9. Apoteker rumah sakit wajib mengadakan kunjungan bersama tim medik dan harus mampu memberi informasi kepada tim tentang obat penderita tertentu. Inti POB dalam Pemantauan dan Pelaporan Reaksi Obat yang Merugikan 1. Apoteker rumah sakit harus mampu bekerja sama dengan semua pihak antara lain penderita, perawat, dokter, serta PFT untuk melaksanakan program pemantauan dan pelaporan reaksi obat yang merugikan. 2. Apoteker rumah sakit harus mampu melakukan analisis dari suatu reaksi obat yang merugikan tertentu dan membuat laporan kepad PFT, yang kemudian PFT menyebarkannya kepada seluruh staf medik. Inti POB Perana IFRS dalam Panitia yang berkaitan dengan Obat di Rumah Sakit 1. Apoteker rumah sakit harus ada yang menjadi anggota panitia yang berkaitan dengan obat di rumah sakit. 2. Apoteker dalam kepanitiaan itu harus mampu berperan aktif sehingga kepanitiaan tersebut mendapatkan masukan yang perlu dalam pelaksanaan tugas dan fungsinya. PERANAN IFRS DALAM PFT PFT adalah suatu kelompok penasehat dari staf medik dan bertindak sebagai garis komunikasi antara staf medik dengan IFRS di rumah sakit.
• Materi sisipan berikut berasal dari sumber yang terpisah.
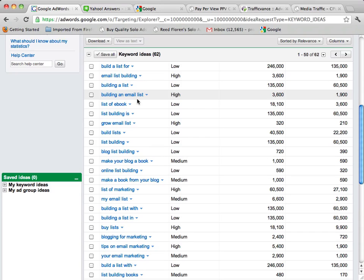Because remember with Lead Impact we don't just have to use URLs, we can also use keywords. So we can start up a whole new campaign based just on keywords and I'll show you how to do that in just a bit.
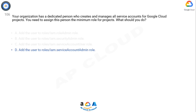The correct answer is D. To assign the dedicated person the minimum role for creating and managing service accounts in Google Cloud projects, you should choose option D: add the user to roles/iam.serviceAccountAdmin. This role provides the minimum necessary permissions for managing service accounts, allowing the user to create, update, and delete service accounts, as well as manage the IAM policies for service accounts.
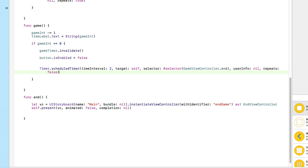Most importantly: repeats we set to false. If we set it to true, every two seconds it would keep switching us to the third view. You might think once we're on the third view it doesn't matter — but it does. It will keep loading the third view over and over again, and eventually it will crash the application by filling up all the memory on the device. Always set repeats to false so it doesn't keep loading that view. Two seconds after the game ends, it calls the function and switches us to our third view.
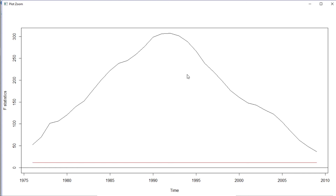Whereas in the CUSUM test we saw two breaks in the NDP data, these two tests are different and their computation processes are also different, which is why they give different results. These tests are not as efficient in comparison with the endogenous structural break test.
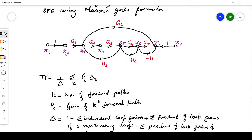Now let us look at the example. A forward path is a path traversing from the input node to the output node in the same direction. Here the input node is x1 and the output node is x8. The first forward path goes through g1, g2, g3, g4, g5, starting from x1 and ending at x8. The second forward path goes through g1, then g6, also ending at x8. So there are two forward paths.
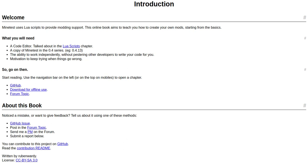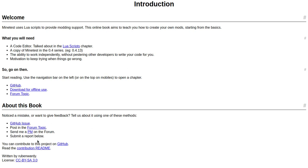Motivation to keep trying when things go wrong. So go on then. Start reading. Use the navigation bar on the left or on the top on mobiles to open a chapter. GitHub download for offline use, forum topic. Noticed a mistake or want to give feedback? Tell us about it using one of these methods: GitHub, forum, send me a PM on the forum, submit report below.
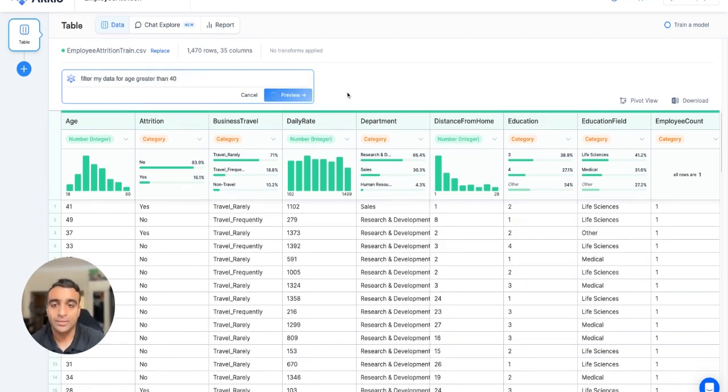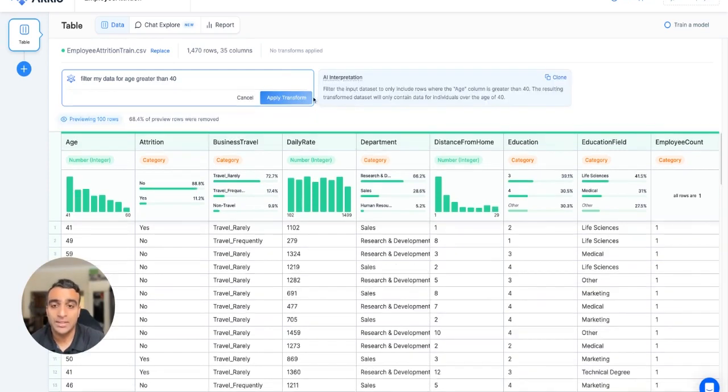Now, what this will do is it'll interpret that prompt, and then we can go ahead and actually apply it to our data set.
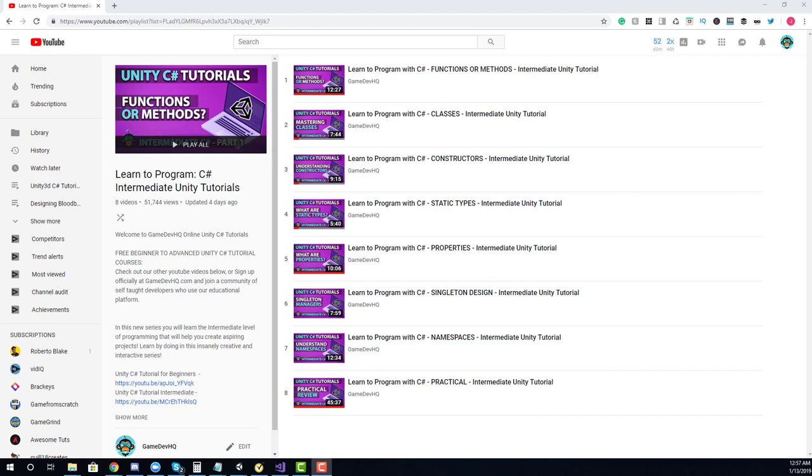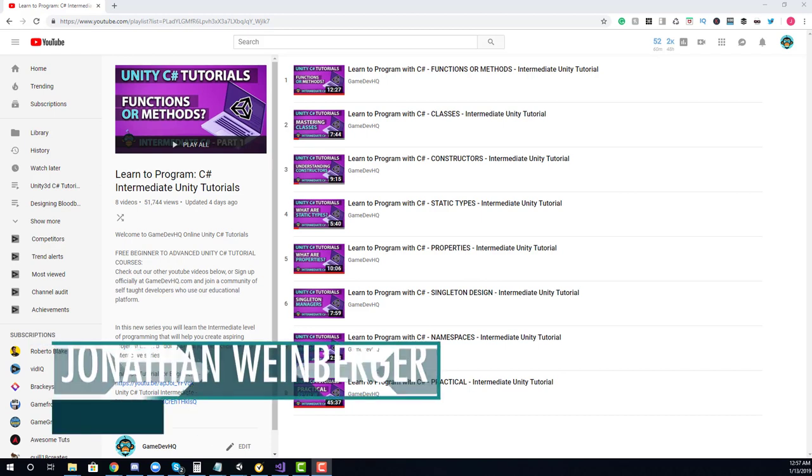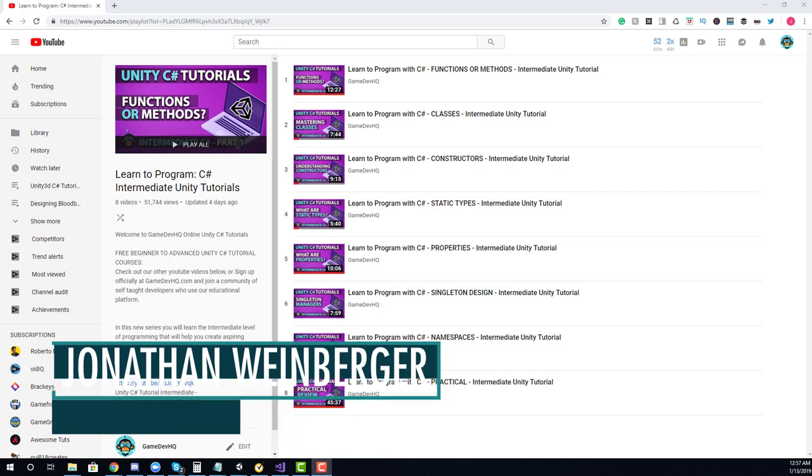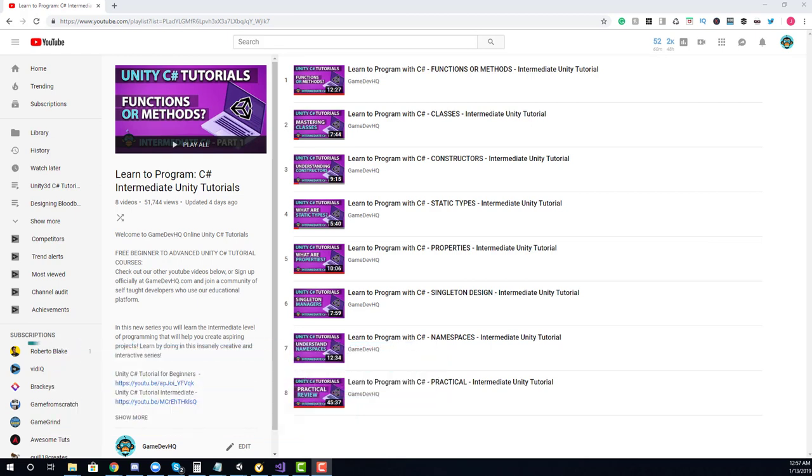Hey guys, John here with Gamedev HQ. This quick intro video is for the Learn to Program with C-Sharp series Intermediate Unity Tutorials.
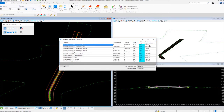A key difference between element component quantities and component quantities is that the element component quantities tool computes quantities directly from the 3D elements in the corridor model, and because of this it will produce more accurate results.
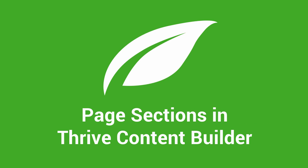In this video we'll have a quick look at what you need to know about using page sections in Thrive Content Builder.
Inti POB Peranan IFRS dalam PFT 1. Pimpinan IFRS wajib menjadi sekretaris dari PFT. Sekretaris tersebut harus mampu melakukan tugasnya, antara lain mengumpulkan berbagai data ilmiah obat/sediaan farmasi yang sedang dibicrakan dalam rapat PFT untuk diusulkan masuk ke atau dihapus dari formularium. 2. Sekretaris PFT dan apoteker rumah sakit wajib membantu PFT dalam mengadakan dan merevisi formularium secara kontinyu, antar lain mengevaluasi sediaan farmasi yang belum dan sudah ada dalam formularium.

PERANAN IFRS DALAM PROGRAM EDUKASI DAN PENELITIAN DI RUMAH SAKIT IFRS harus berpartisipasi aktif dalam progran edukasi dan penelitian di rumah sakit terutama yang berkaitan dengan obat dan pelayanan IFRS. Inti POB Peranan IFRS dalam Kegiatan Edukasi Dan Penelitian 1. Apoteker rumah sakit harus berpartisipasi dan mampu dalam pelaksanaan program edukatif internal dan eksternal. 2. IFRS harus memiliki personel apoteker yang mampu menjadi peneliti di rumah sakit dalam bidang farmasetik dan bidang klinik.